Open discussion about the Anti-Psychiatry Movement and related topics. This includes the opposition to forced treatment and hospitalization as well as the belief that Psychiatric Medication does more harm than good. Please note that these topics are controversial and therefore this forum may offend some people. This is not the belief of Psych Forums or Get Mental Help and this forum was posted to offer a safe place to discuss these beliefs.

Re: Halidol nightmare *triggers*

Postby Copy_Cat » Fri Nov 13, 2015 6:10 pm

quackery wrote:be more cunning, more manipulative, more ruthless.



I personally don't think anything is off limits when it comes to dishing out justice for abuses behind psychiatric locked doors with the exception of harming innocent people or animals.


Image

Image


Doctors car : "I abuse my patients with needles and drugs behind locked doors"


I told them when I was being abused for the "crime" of going to the hospital in distress to remember that I will be outside sometime in the future and that they should think about how they are treating me. You people park in that lot out back right ?

I was not injected despite the injection threat when I refused the pill lobotomy *maybe* because I said that. I have no way of knowing.

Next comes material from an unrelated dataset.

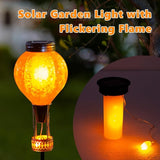 Outdoor Solar Lights Waterproof with Hot Air Balloon, Flickering Flame Solar Garden Light Glass Landscape Lamp, Stake Lights Outside Decor for Pathway Walkway Yard Patio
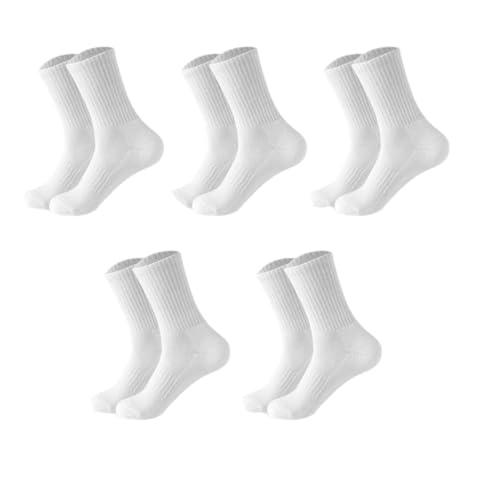 5 Pairs Men Cotton Long Sports Socks (5 White One Size)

That was not the right way to handle the situation but unless you have been in the situation of people making threats of a frightening painful injection in a place with locked doors and no place to run I doubt you will fully understand my reaction.

The images of vandalized cars might bring a smile to some faces but I think exposing psychiatry's dirty deeds on the internet is the most damaging act available without doing something illegal if the legal system wont help you.

A car can be repainted, whats written on consumer complaint sites stays "I abuse my patients with needles and drugs behind locked doors"

Be more cunning, more manipulative, more ruthless... Thats right.
I survived psychiatry.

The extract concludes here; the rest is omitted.